Recorded data:
————

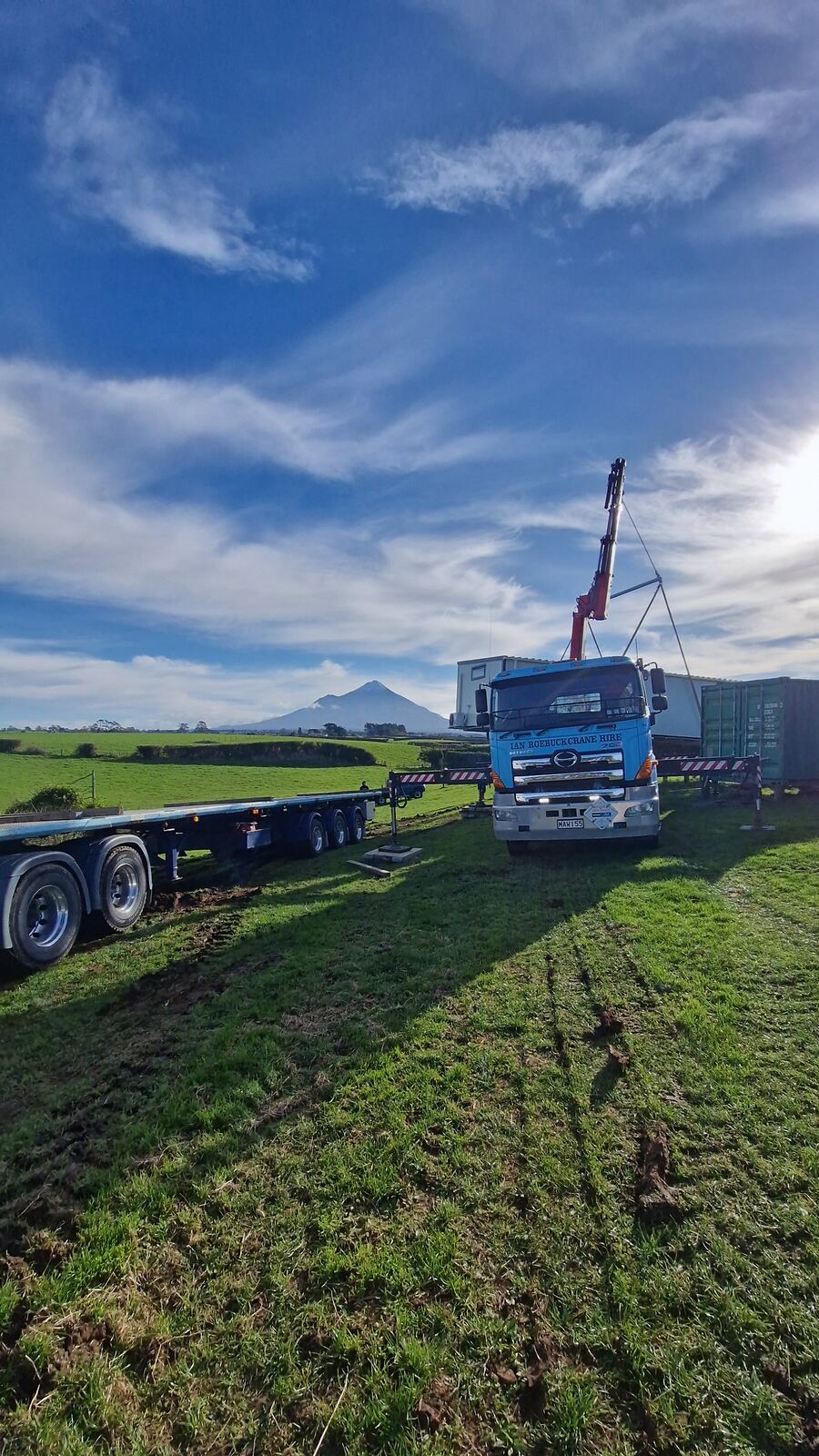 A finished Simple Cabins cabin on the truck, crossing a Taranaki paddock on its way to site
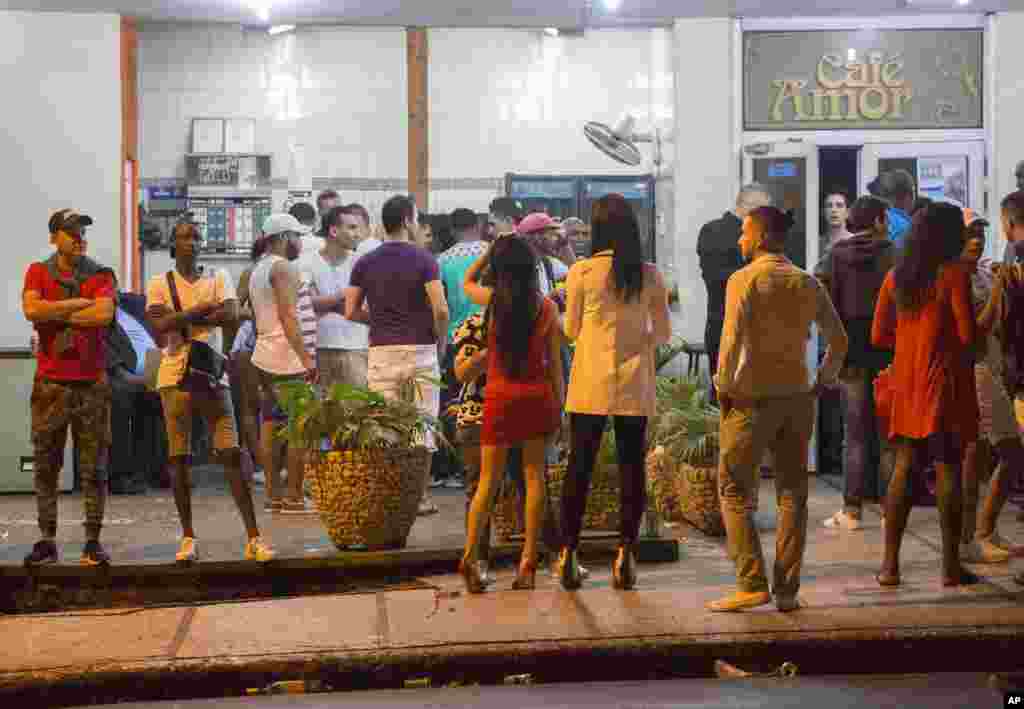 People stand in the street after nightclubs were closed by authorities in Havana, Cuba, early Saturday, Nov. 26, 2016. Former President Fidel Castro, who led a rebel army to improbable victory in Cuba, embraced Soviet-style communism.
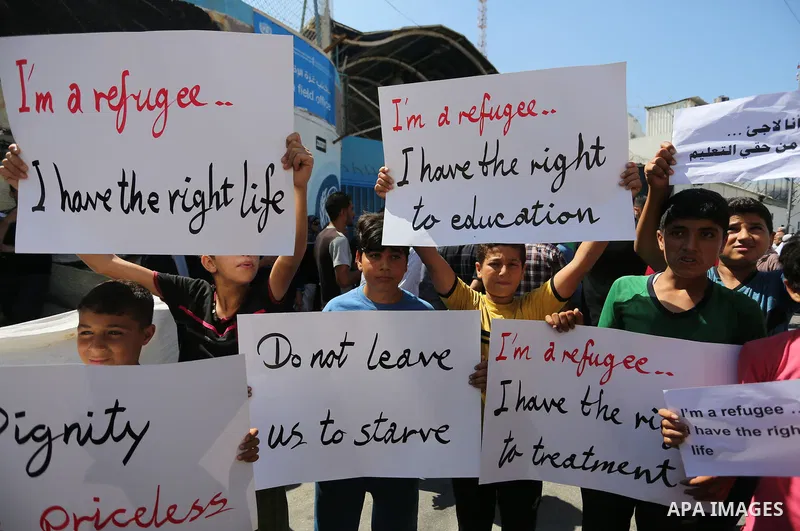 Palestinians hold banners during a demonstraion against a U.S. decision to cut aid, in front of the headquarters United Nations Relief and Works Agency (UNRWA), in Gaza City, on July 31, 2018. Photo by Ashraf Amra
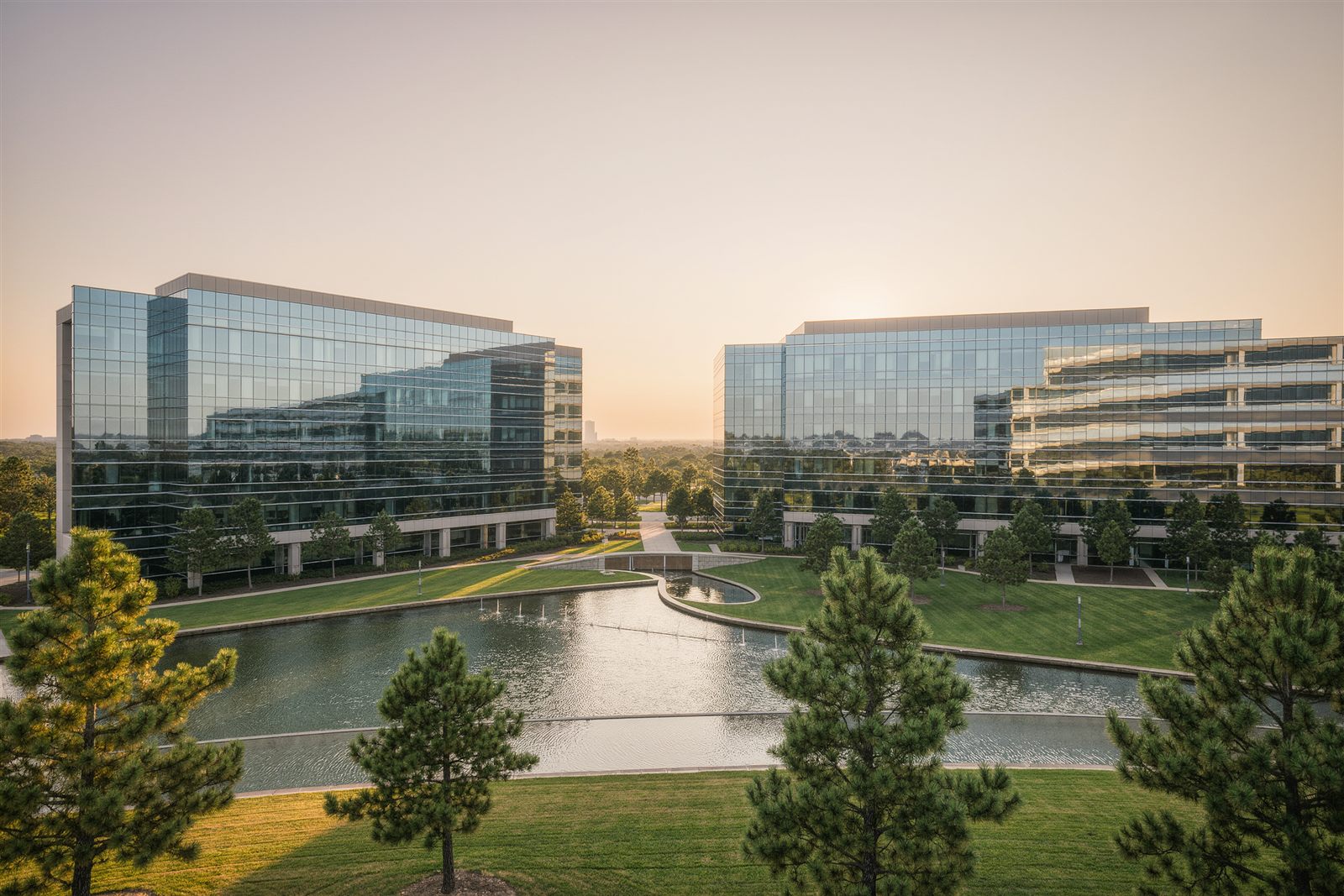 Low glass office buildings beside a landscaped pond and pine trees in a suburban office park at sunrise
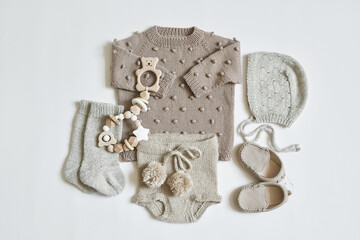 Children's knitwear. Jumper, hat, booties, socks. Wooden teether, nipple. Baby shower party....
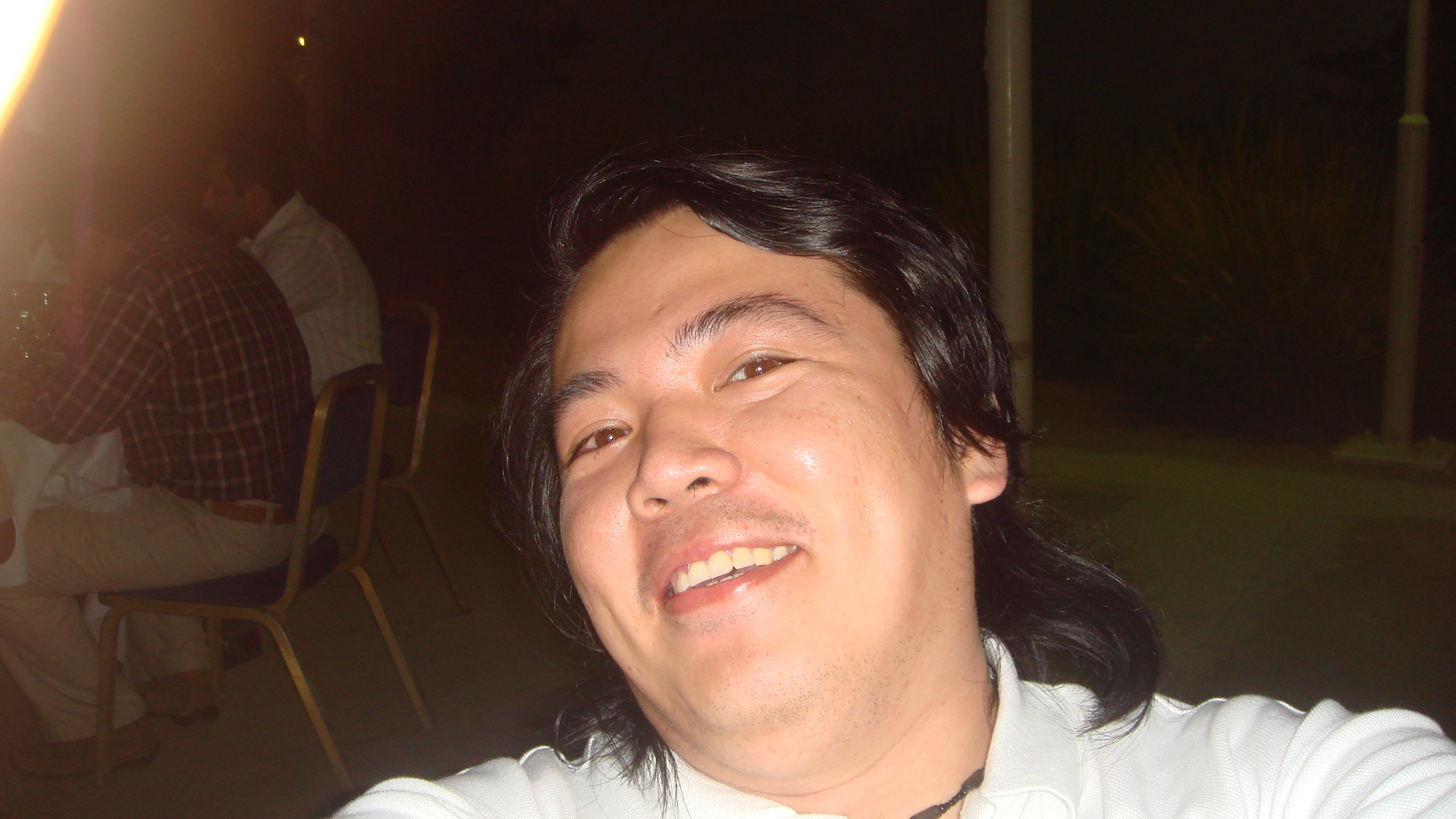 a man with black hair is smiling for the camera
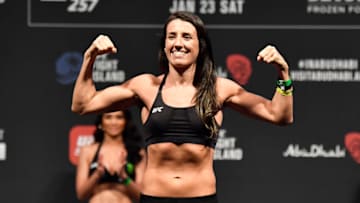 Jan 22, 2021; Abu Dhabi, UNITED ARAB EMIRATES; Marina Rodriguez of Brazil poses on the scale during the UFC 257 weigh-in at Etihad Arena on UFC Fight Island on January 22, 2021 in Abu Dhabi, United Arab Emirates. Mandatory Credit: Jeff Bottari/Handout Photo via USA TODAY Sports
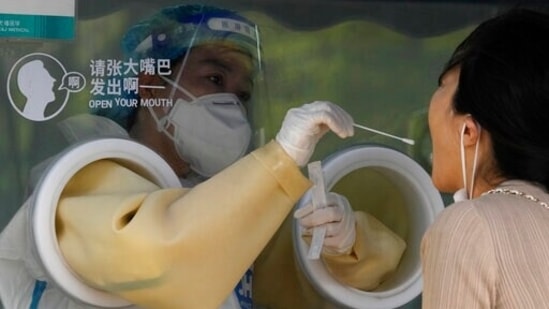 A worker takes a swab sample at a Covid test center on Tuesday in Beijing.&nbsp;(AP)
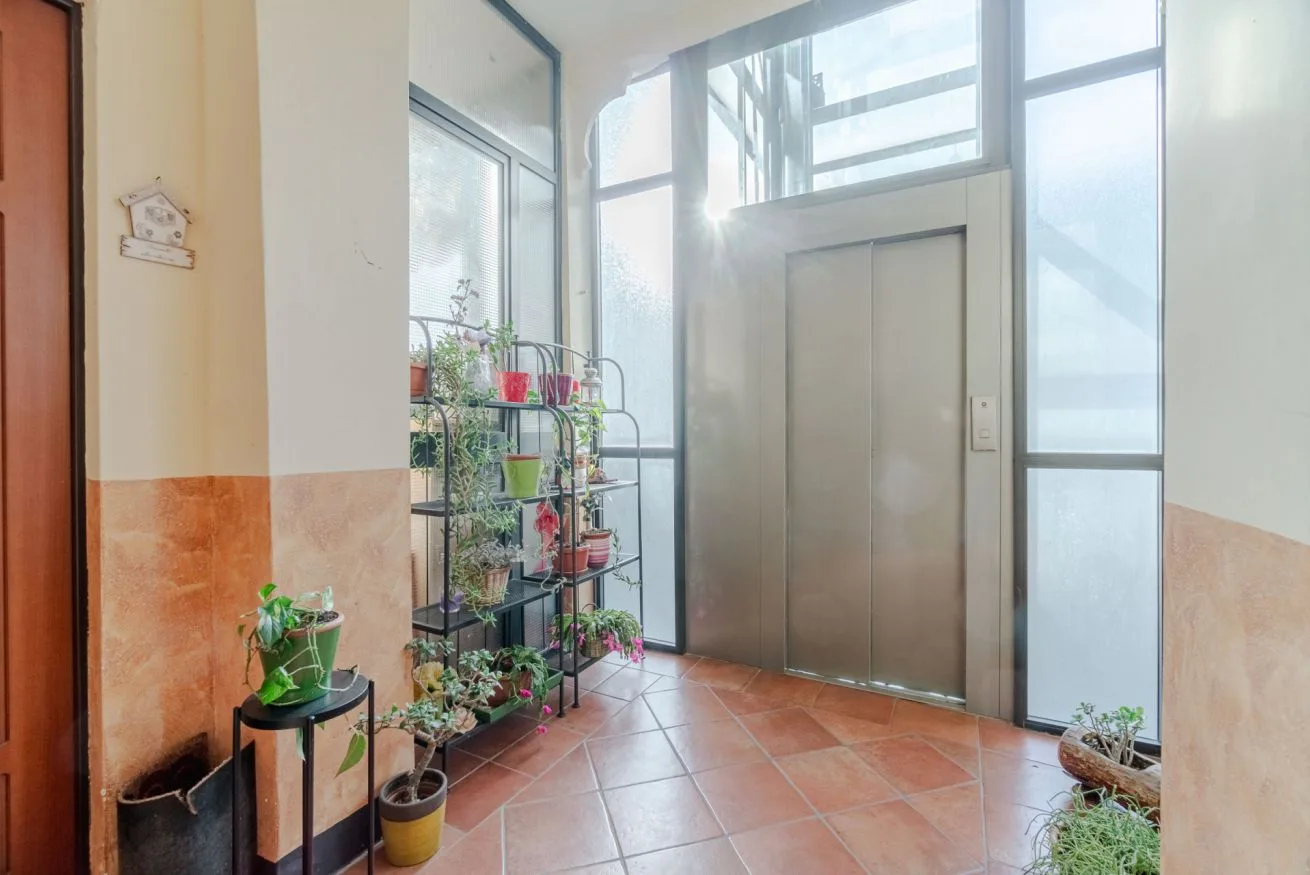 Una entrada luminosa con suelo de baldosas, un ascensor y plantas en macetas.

————

=== Task to complete ===
An exact copy of the entries above is required, with the pictures left out.

=== Result ===
 A finished Simple Cabins cabin on the truck, crossing a Taranaki paddock on its way to site
 People stand in the street after nightclubs were closed by authorities in Havana, Cuba, early Saturday, Nov. 26, 2016. Former President Fidel Castro, who led a rebel army to improbable victory in Cuba, embraced Soviet-style communism.
 Palestinians hold banners during a demonstraion against a U.S. decision to cut aid, in front of the headquarters United Nations Relief and Works Agency (UNRWA), in Gaza City, on July 31, 2018. Photo by Ashraf Amra
 Low glass office buildings beside a landscaped pond and pine trees in a suburban office park at sunrise
 Children's knitwear. Jumper, hat, booties, socks. Wooden teether, nipple. Baby shower party....
 a man with black hair is smiling for the camera
 Jan 22, 2021; Abu Dhabi, UNITED ARAB EMIRATES; Marina Rodriguez of Brazil poses on the scale during the UFC 257 weigh-in at Etihad Arena on UFC Fight Island on January 22, 2021 in Abu Dhabi, United Arab Emirates. Mandatory Credit: Jeff Bottari/Handout Photo via USA TODAY Sports
 A worker takes a swab sample at a Covid test center on Tuesday in Beijing.&nbsp;(AP)
 Una entrada luminosa con suelo de baldosas, un ascensor y plantas en macetas.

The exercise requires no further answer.